Defelice, R. and Kapp, K. (2009) Time to develop one hour of training Learning Circuits
And, as readers of the Hitchhiker’s Guide to the Galaxy know, the answer is 42 (actually, 43 for stand-and-deliver face-to-face training). But for digital simulations, over 1000 hours.
This is a serious attempt to try and compare costs of different forms of training, but takes no account of economies of scale (i.e. these are purely development, not development and delivery costs covering all trainees). Also it should be noted that these are costs for training, not education. For instance, none of the templates for course development suggested are learning management systems that would be familiar to higher education users.
Nevertheless the data suggest that for most asynchronous e-learning, you are looking at over 100 hours of development for one hour of training. That seems about right to me, from my experience of developing graduate online courses (my figures would be about $180-200 an hour, including SME costs, and using an LMS, but excluding overheads, for relatively limited activity, e.g. no animations – Bates, 2005, p. 163).
Probably more valuable are the hints at ways to reduce costs, which primarily focus on getting better processes for ‘disciplining’ subject matter experts to do what they say they would do at the time they said it would be done. But then that would be harder than to trying to figure out the meaning of life, the universe and everything else.

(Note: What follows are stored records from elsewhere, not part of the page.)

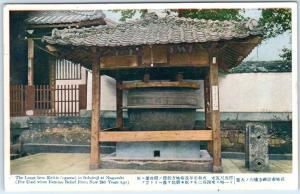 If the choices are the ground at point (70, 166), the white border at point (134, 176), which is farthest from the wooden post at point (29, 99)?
the white border at point (134, 176)

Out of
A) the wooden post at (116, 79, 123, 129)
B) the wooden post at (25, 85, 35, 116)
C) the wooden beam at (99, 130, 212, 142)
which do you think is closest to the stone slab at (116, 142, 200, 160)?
the wooden beam at (99, 130, 212, 142)

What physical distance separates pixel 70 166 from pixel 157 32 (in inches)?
85.9

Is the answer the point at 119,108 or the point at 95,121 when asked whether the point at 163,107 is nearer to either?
the point at 95,121

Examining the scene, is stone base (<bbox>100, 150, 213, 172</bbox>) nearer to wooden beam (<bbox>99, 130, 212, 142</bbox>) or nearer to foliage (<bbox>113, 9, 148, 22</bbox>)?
wooden beam (<bbox>99, 130, 212, 142</bbox>)

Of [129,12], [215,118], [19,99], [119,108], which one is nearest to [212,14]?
[129,12]

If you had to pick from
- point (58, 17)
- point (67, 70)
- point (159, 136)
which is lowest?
point (159, 136)

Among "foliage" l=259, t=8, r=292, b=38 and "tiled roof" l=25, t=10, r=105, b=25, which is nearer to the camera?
"foliage" l=259, t=8, r=292, b=38

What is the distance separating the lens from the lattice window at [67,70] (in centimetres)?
643

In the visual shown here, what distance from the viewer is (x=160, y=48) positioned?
4316 mm

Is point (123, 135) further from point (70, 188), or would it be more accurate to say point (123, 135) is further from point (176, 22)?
point (176, 22)

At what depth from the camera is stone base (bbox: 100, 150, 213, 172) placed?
4328 mm

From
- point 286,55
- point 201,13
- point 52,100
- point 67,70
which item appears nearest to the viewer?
point 201,13

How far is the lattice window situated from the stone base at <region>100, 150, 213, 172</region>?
2403 mm

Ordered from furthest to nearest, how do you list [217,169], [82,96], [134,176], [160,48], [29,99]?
1. [82,96]
2. [29,99]
3. [160,48]
4. [217,169]
5. [134,176] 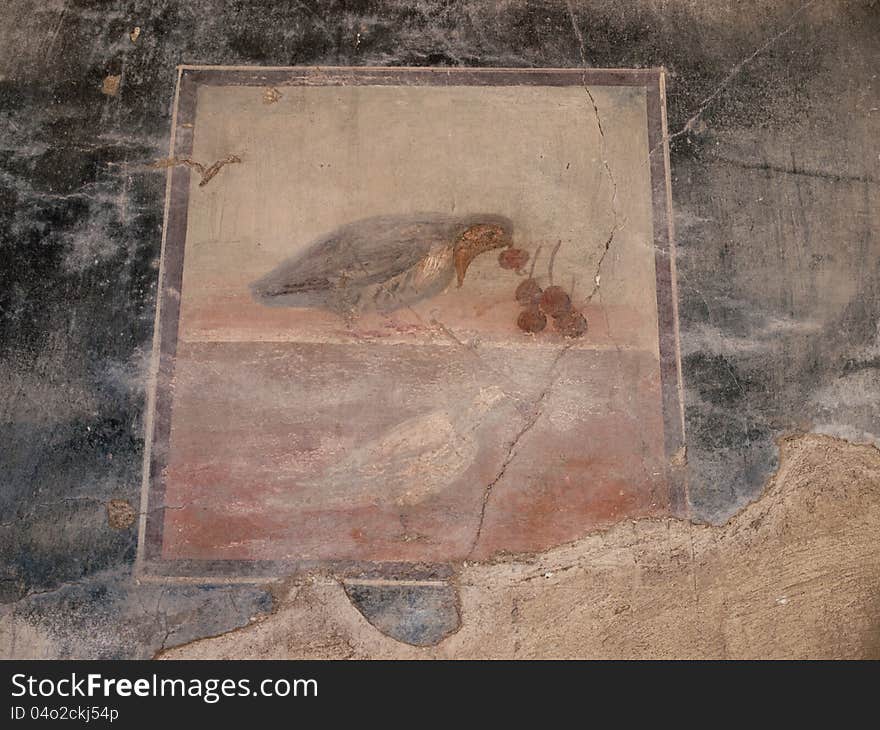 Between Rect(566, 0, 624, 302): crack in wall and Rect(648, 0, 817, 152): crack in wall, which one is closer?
Rect(566, 0, 624, 302): crack in wall

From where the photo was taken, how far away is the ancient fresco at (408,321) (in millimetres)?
3363

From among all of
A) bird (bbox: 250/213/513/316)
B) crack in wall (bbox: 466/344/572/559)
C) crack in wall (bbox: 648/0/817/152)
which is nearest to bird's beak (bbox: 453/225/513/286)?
bird (bbox: 250/213/513/316)

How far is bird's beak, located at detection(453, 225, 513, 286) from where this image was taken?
354 cm

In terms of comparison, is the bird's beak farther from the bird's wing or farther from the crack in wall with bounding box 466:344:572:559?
the crack in wall with bounding box 466:344:572:559

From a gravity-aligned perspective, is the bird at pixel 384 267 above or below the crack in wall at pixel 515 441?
above

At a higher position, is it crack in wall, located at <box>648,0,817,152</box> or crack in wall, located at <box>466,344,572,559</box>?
crack in wall, located at <box>648,0,817,152</box>

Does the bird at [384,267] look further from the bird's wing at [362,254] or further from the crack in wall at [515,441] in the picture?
the crack in wall at [515,441]

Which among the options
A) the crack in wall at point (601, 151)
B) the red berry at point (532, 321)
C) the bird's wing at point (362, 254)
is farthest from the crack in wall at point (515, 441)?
the bird's wing at point (362, 254)

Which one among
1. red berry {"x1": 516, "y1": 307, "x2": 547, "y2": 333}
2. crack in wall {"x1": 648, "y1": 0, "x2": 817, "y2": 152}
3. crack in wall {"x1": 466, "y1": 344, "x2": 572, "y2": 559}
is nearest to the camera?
crack in wall {"x1": 466, "y1": 344, "x2": 572, "y2": 559}

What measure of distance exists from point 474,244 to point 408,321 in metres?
0.43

Lastly, these costs are based on the traditional ADDIE instructional design model. With the development of work-based social networks, open educational resources, etc., at what point do the ‘free’ training strategies start to match the quality of the much more expensive – but high quality – ADDIE approach? And if quality training does cost this much, what incentives are there for making high quality training materials open access?
Bates, A. (2005) Technology, e-Learning and Distance Education London/New York: Routledge
Thanks again to Richard Elliott’s eLearning Watch for this.